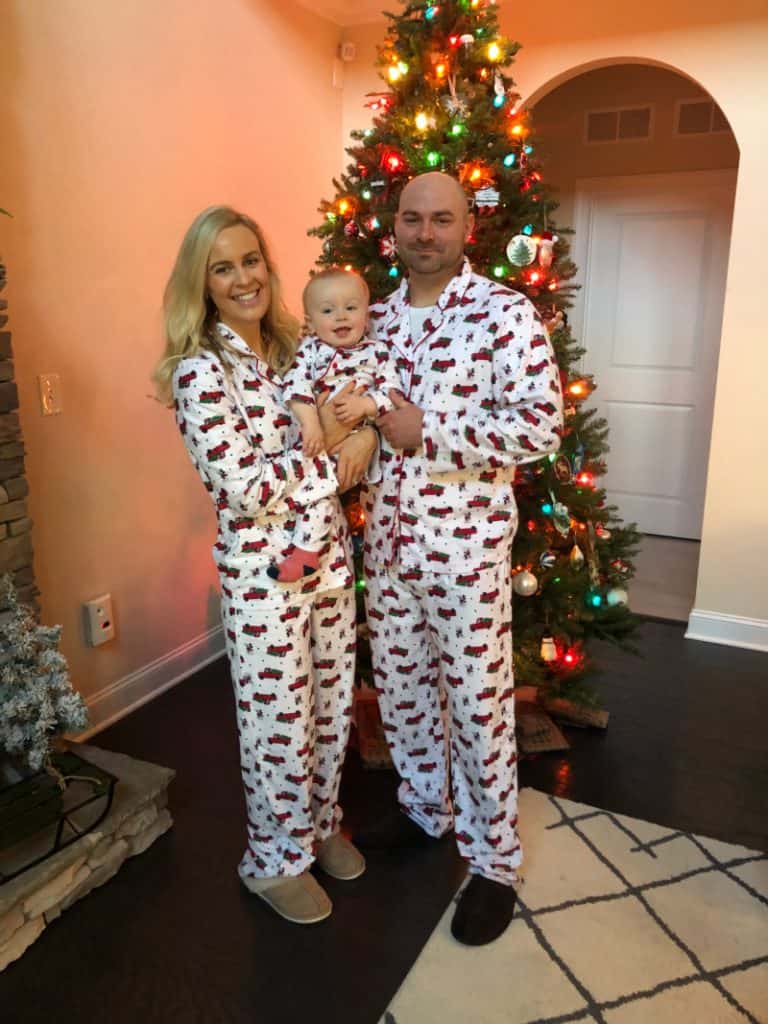 Family pajama pic standing by the tree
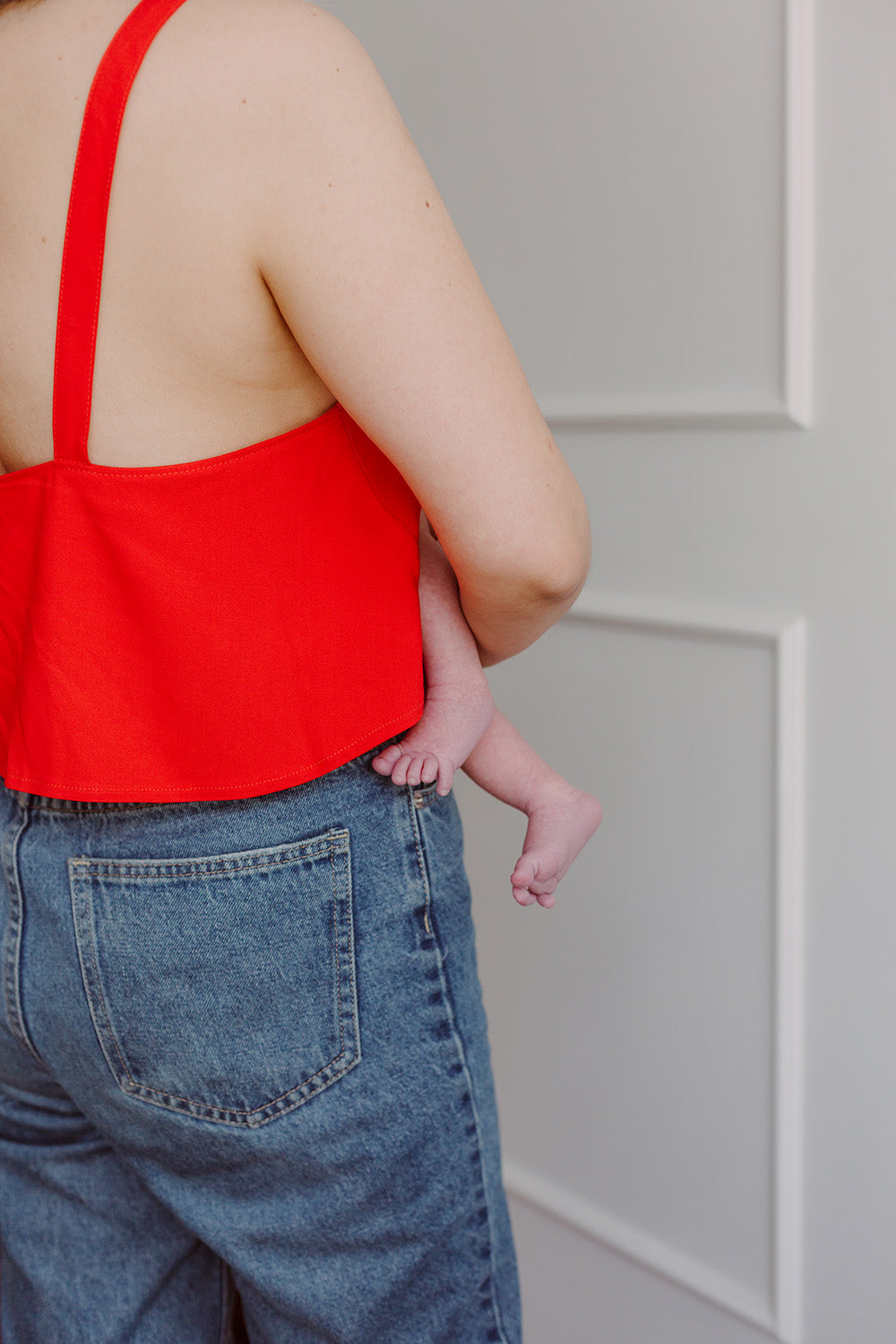 Mujer de espaldas cargando un bebe usando una blusa color rojo.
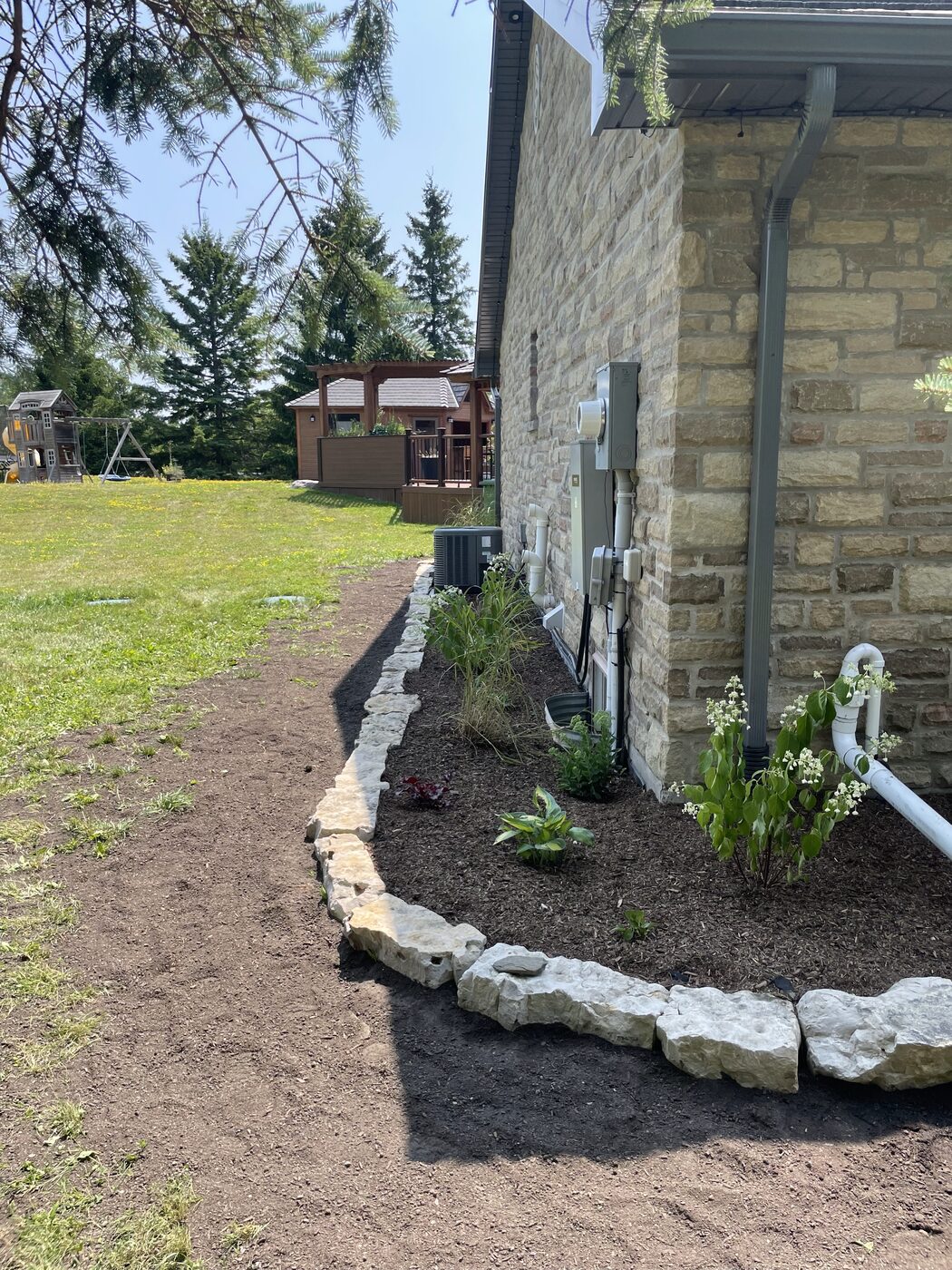 The same side garden after with new stone edging, mulch and plantings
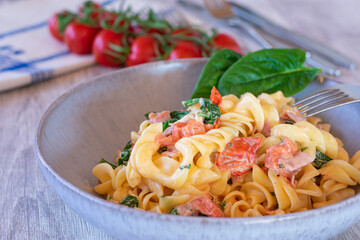 greek Pasta with melted  feta cheese, cherry tomatoes and spinach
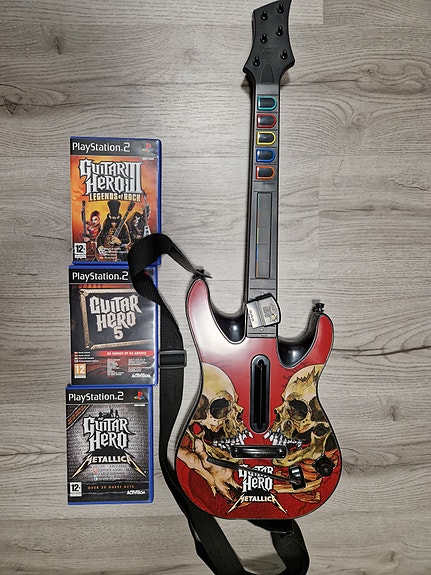 Guitar Hero pelit ja kitara pelipaketti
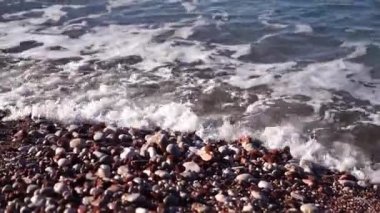 Sea waves with white foam roll on a multi-colored pebble beach. Close-up. High quality FullHD footage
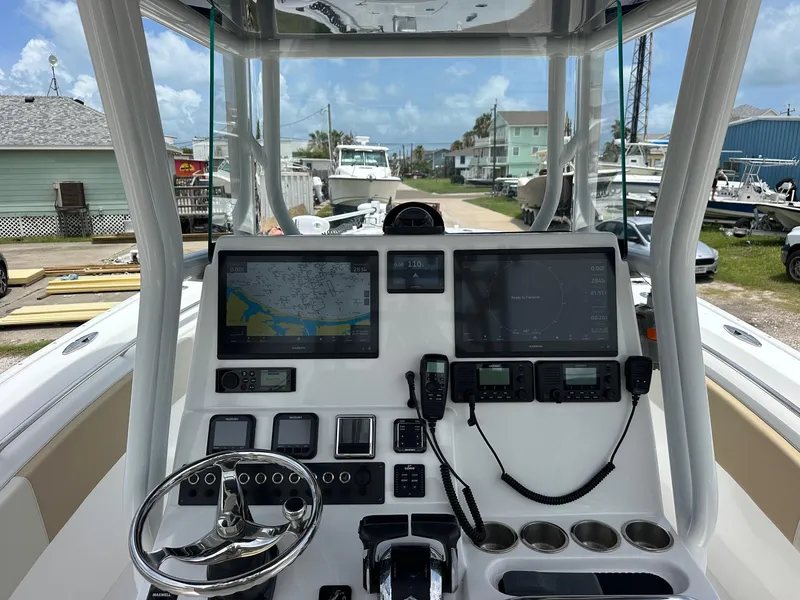 Slide: The Image of 2023 Cape Horn 32xs boat dashboard with navigation screens and controls. - 3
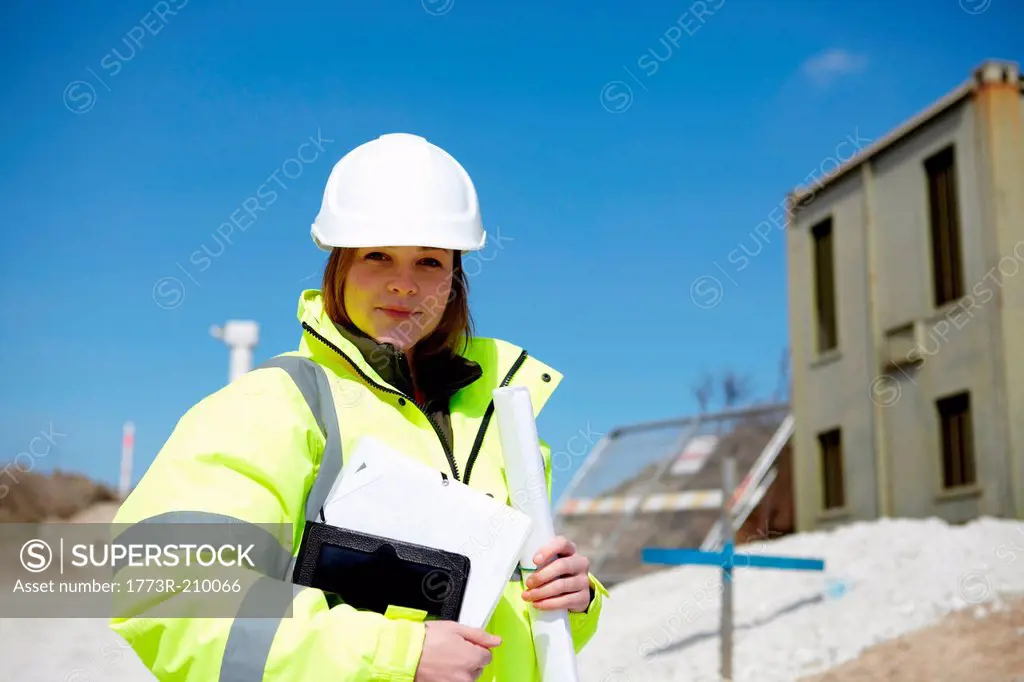 Portrait of female with blueprint and digital tablet on construction site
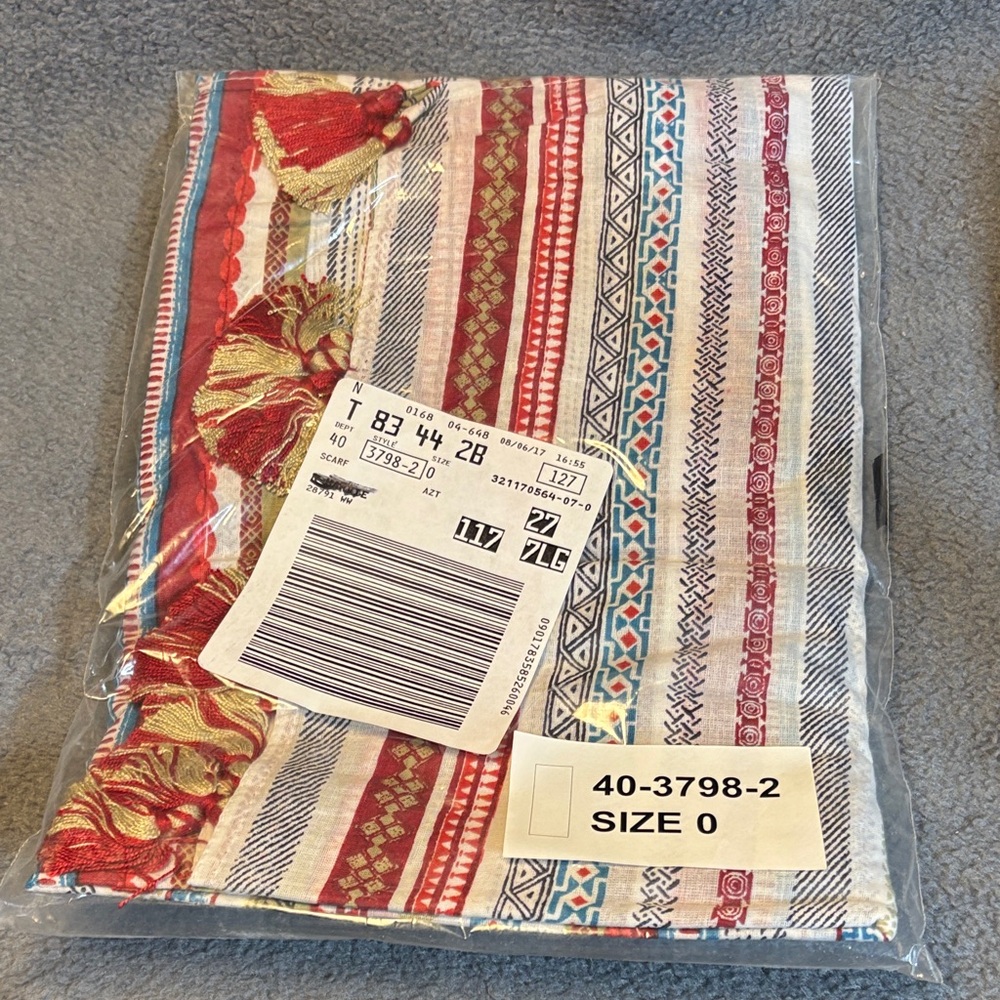 Woman Within Red and Blue Geometric Scarf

What to produce: Leaving the pictures out, transcribe word for word the lines from the one with "Slide: The Image" to the end of the material above, inclusive, and nothing else.

Response below:
 Slide: The Image of 2023 Cape Horn 32xs boat dashboard with navigation screens and controls. - 3
 Portrait of female with blueprint and digital tablet on construction site
 Woman Within Red and Blue Geometric Scarf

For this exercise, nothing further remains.